No pictures belong in the copy, but every line of the material below must be reproduced exactly.
*** Input data ***
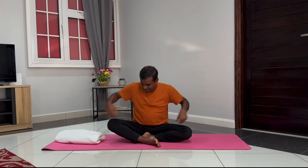Siddhasana looks easy but actually it is not easy. Today I will try to simplify it and tell you how you can achieve it step-by-step. It will be impossible to do Siddhasana if your knees don't go down or if your knees don't go back. It needs very good flexibility in your hips and your adductor muscles.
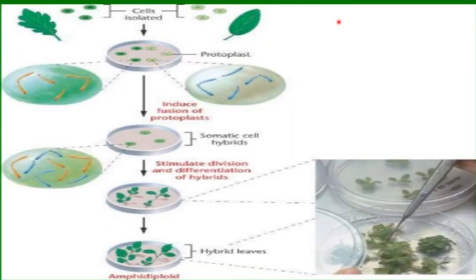Purification of protoplasts: two commonly used methods are sedimentation and washing, and flotation. In the case of sedimentation and washing, the crude protoplast suspension is centrifuged at low speed at 50 to 100 g for five minutes. Intact protoplasts form a pellet, and the supernatant containing cell debris can be pipetted off. The pellet is gently resuspended in fresh culture medium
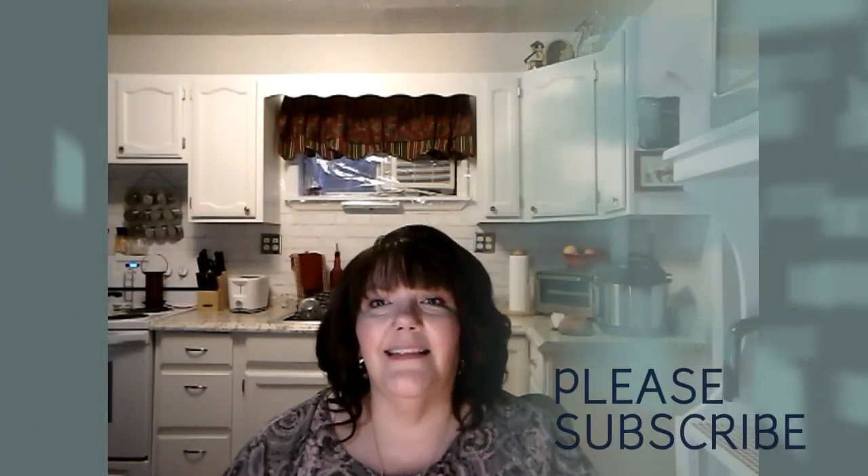Again, this is Donna from Hair Today Gone Tomorrow. Please subscribe to my channel and like this video. If you have any comments, please put them down below. Sorry, the camera fell over! Anyway, please subscribe, like this video, everybody have a blessed weekend, leave your comments down below, and I'll see you next time. Thanks again. Be blessed.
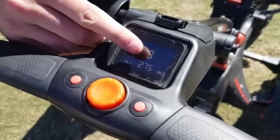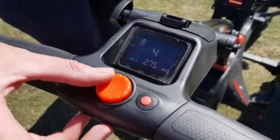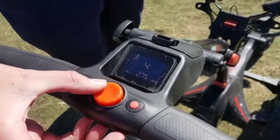As you can see here, the number in the box indicates the speed that your buggy is going. So as we turn it up, that indicates the buggy is going to go faster and faster. And as we're going down, we're going slower.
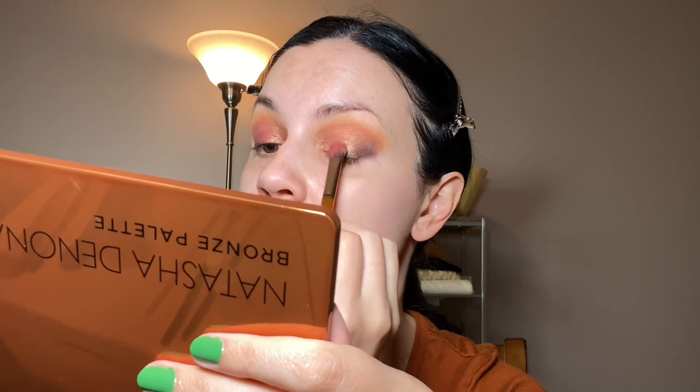I do love my Natasha Denona palettes. The sparkle — I don't know if it even shows up on camera, but it's really amazing. I also want to take a little bit of True Bronze, just right in the middle. That shade is really nice — it gives a bit of extra dimension and shine. It's very beautiful. Let us know if you have this palette and what your favorite look is with it, or if there are other palettes you want me to do for this series.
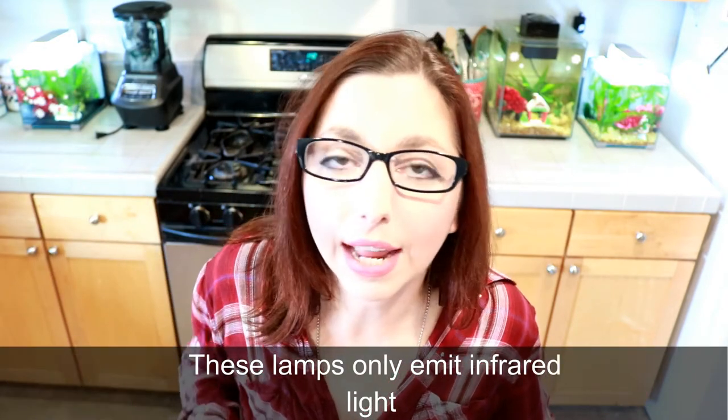This is where ceramic heat lamps come in. Ceramic heat lamps can be a good addition, but not combined with any other heating methods. If you get a low wattage bulb, they're not going to emit any light — they're only going to emit heat into the tank. But you need to make sure you are monitoring the temperature and that it is not getting too hot for the frogs. Another option is what I do: I actually have a space heater in the room since I have four tanks that all need to be pretty close to the same temperature, between 75 and 80.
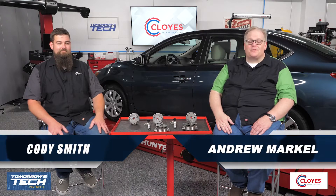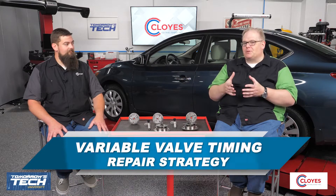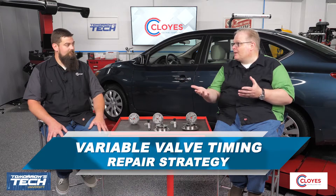Welcome back to T2U, sponsored by Summit Racing. This is the third module of the variable valve timing course, sponsored by Cloyes. Today we're talking about what you need to understand when the system goes bad and what you need to do to repair it and get it back to the customer in working order. With me is Cody Smith, and we're talking about your diagnostic strategy.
*** End of Input data ***
Solution to the exercise ->
Siddhasana looks easy but actually it is not easy. Today I will try to simplify it and tell you how you can achieve it step-by-step. It will be impossible to do Siddhasana if your knees don't go down or if your knees don't go back. It needs very good flexibility in your hips and your adductor muscles.
Purification of protoplasts: two commonly used methods are sedimentation and washing, and flotation. In the case of sedimentation and washing, the crude protoplast suspension is centrifuged at low speed at 50 to 100 g for five minutes. Intact protoplasts form a pellet, and the supernatant containing cell debris can be pipetted off. The pellet is gently resuspended in fresh culture medium
Again, this is Donna from Hair Today Gone Tomorrow. Please subscribe to my channel and like this video. If you have any comments, please put them down below. Sorry, the camera fell over! Anyway, please subscribe, like this video, everybody have a blessed weekend, leave your comments down below, and I'll see you next time. Thanks again. Be blessed.
As you can see here, the number in the box indicates the speed that your buggy is going. So as we turn it up, that indicates the buggy is going to go faster and faster. And as we're going down, we're going slower.
I do love my Natasha Denona palettes. The sparkle — I don't know if it even shows up on camera, but it's really amazing. I also want to take a little bit of True Bronze, just right in the middle. That shade is really nice — it gives a bit of extra dimension and shine. It's very beautiful. Let us know if you have this palette and what your favorite look is with it, or if there are other palettes you want me to do for this series.
This is where ceramic heat lamps come in. Ceramic heat lamps can be a good addition, but not combined with any other heating methods. If you get a low wattage bulb, they're not going to emit any light — they're only going to emit heat into the tank. But you need to make sure you are monitoring the temperature and that it is not getting too hot for the frogs. Another option is what I do: I actually have a space heater in the room since I have four tanks that all need to be pretty close to the same temperature, between 75 and 80.
Welcome back to T2U, sponsored by Summit Racing. This is the third module of the variable valve timing course, sponsored by Cloyes. Today we're talking about what you need to understand when the system goes bad and what you need to do to repair it and get it back to the customer in working order. With me is Cody Smith, and we're talking about your diagnostic strategy.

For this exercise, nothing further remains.